The Isle of Sheppey’s Jerome White, better known as ‘96 To Go’, has been honing his miniature muck and perfecting his diddy discarded cigarette butts to design life-like re-creations of some of Kent’s grubby hot-spots.

“It is the love of grime, in a way,” he says. “I quite like walking down the street and seeing what people have thrown out. Or how people put their own mark on an area, whether that be through graffiti tags or someone sticking a poster on a door. I love seeing posters for gigs on disused doors. That draws me in.”

From the empty former Woolworths in Margate High Street to boarded-up kebab shops and even abandoned petrol stations, 96 To Go is putting a unique stamp on the world of the diorama.

“I actually got it from my grandad,” says Jerome. “He worked at the Victoria & Albert Museum and used to sometimes make the train-sets for the kids’ museum back in the 70s and 80s.

It is the love of grime, in a way. I quite like walking down the street and seeing what people have thrown out
— Jerome White

“When we would go to his house he had a spare room full of train-sets and a 1930s city. It was also films and television, like Robocop, which was the first step into miniatures for me.”

A passion for Aardman Animations – the people behind Wallace & Gromit and Chicken Run – at school was where Jerome started developing his own skills for creating miniatures, wanting to make props for stop-motion films and television.

But it was upon arriving at the University for Creative Arts in Canterbury where the artist found his niche.

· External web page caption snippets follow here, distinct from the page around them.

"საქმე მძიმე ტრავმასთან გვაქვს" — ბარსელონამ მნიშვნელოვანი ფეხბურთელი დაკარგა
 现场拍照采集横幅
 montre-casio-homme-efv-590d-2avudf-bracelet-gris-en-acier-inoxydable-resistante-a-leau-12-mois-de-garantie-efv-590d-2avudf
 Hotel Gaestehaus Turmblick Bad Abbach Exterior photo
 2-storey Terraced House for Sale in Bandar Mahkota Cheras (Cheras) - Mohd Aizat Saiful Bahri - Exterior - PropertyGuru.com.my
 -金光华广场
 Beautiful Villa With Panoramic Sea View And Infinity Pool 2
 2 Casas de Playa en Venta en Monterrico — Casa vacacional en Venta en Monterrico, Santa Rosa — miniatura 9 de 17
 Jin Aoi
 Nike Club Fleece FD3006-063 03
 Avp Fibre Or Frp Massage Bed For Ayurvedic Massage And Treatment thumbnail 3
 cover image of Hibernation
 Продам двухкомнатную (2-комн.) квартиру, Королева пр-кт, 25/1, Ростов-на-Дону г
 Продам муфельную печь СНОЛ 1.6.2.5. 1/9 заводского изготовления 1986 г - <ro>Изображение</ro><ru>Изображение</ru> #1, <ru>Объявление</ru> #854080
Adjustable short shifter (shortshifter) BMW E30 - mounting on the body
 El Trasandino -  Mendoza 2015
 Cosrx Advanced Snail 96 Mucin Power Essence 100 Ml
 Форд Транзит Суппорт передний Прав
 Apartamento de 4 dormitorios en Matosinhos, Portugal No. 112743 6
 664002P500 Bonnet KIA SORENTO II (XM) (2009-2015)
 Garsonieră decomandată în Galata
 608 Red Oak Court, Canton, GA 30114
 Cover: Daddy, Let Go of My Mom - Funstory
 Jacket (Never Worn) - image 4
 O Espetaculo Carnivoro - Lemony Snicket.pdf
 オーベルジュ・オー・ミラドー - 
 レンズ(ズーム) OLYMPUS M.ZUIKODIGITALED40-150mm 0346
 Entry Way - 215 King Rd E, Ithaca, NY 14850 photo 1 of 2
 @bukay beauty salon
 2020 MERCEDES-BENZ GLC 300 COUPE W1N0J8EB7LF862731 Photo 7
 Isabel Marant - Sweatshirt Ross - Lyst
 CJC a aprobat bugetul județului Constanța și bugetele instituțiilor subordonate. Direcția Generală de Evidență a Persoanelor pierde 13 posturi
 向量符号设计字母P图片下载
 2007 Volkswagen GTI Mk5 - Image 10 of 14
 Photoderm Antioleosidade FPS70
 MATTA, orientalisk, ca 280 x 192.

“Everyone on the fine-art course was doing paintings and sculpture, and I had this niche of model-making. And I also liked looking at abandoned buildings, so I decided to mesh the two together. I thought, rather than just photograph the buildings, why not make them so people can view them in a 3D space.”


BEFORE IT’S GONE

Using urban mess as a muse was always quite likely to grab attention – baby bin-bags and tiddly chewing gum aren’t often the focus of fascination. But rather than an ode to the eyesore, 96 To Go’s work is actually a documentation of history born out of a fascination for defacement.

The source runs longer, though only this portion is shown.